---------- DATASET EXCERPT ----------
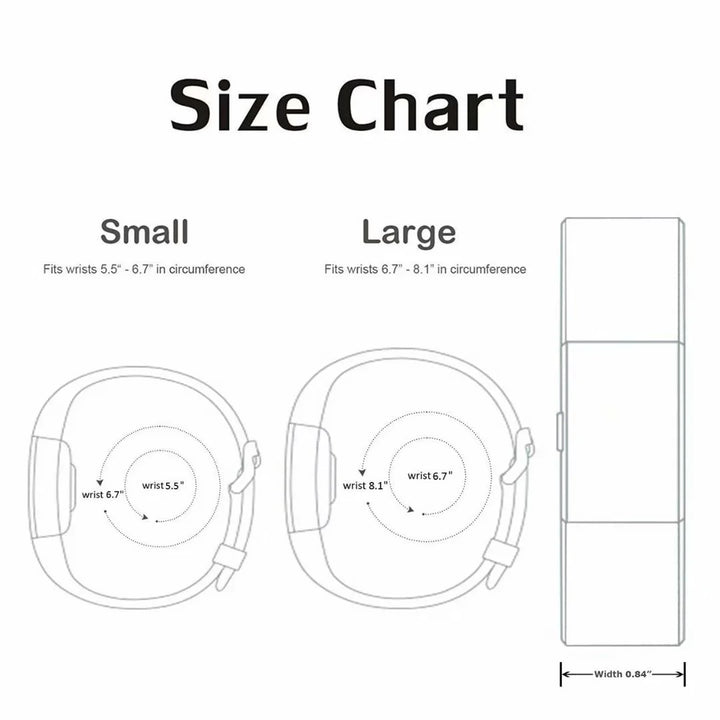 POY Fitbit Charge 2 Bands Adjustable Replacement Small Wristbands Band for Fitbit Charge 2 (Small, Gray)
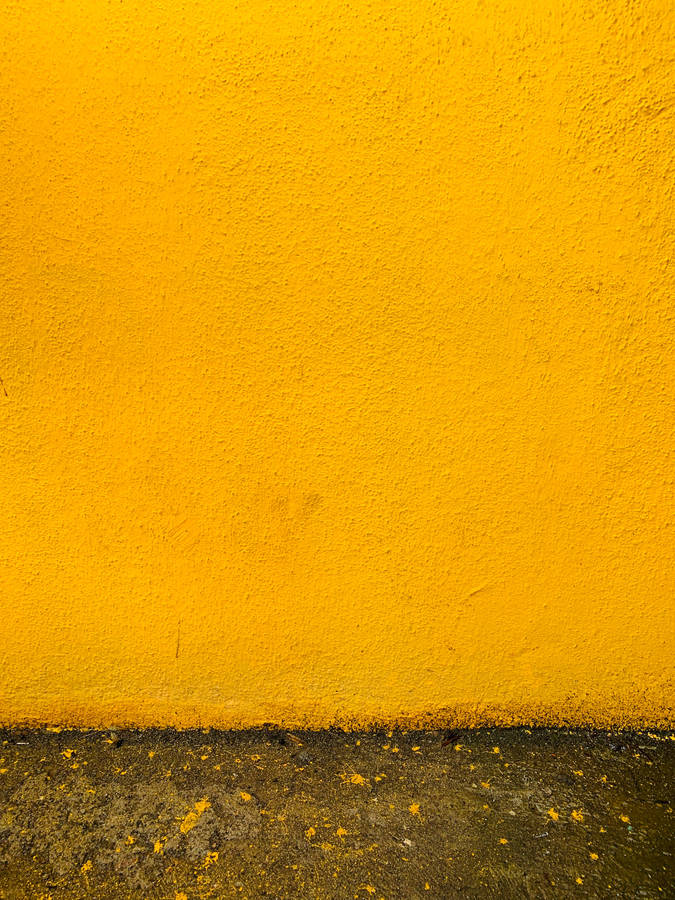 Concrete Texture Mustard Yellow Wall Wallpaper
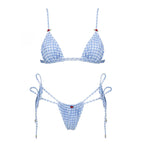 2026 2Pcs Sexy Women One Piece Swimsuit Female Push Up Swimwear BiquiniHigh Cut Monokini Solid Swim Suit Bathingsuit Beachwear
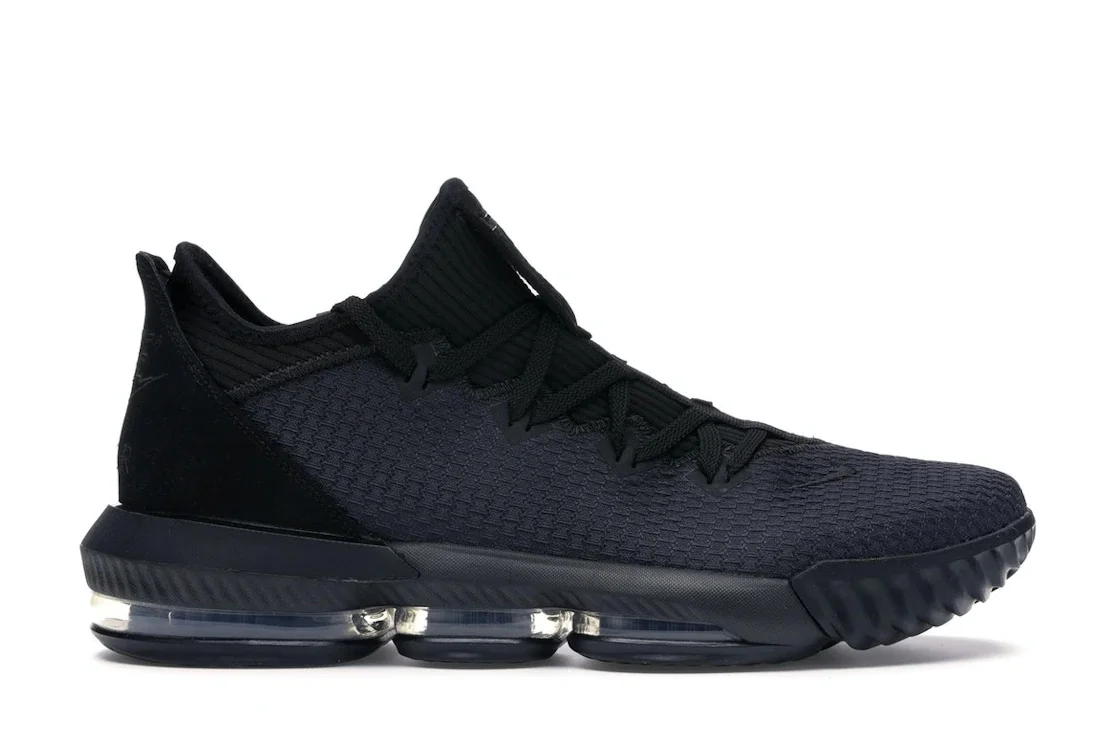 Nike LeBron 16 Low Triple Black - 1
----------
* WORK ORDER
In the copy, include each line from the start of the material through the line with "Concrete Texture Mustard", word for word, but none of the pictures.

* SOLUTION TO THE EXERCISE
 POY Fitbit Charge 2 Bands Adjustable Replacement Small Wristbands Band for Fitbit Charge 2 (Small, Gray)
 Concrete Texture Mustard Yellow Wall Wallpaper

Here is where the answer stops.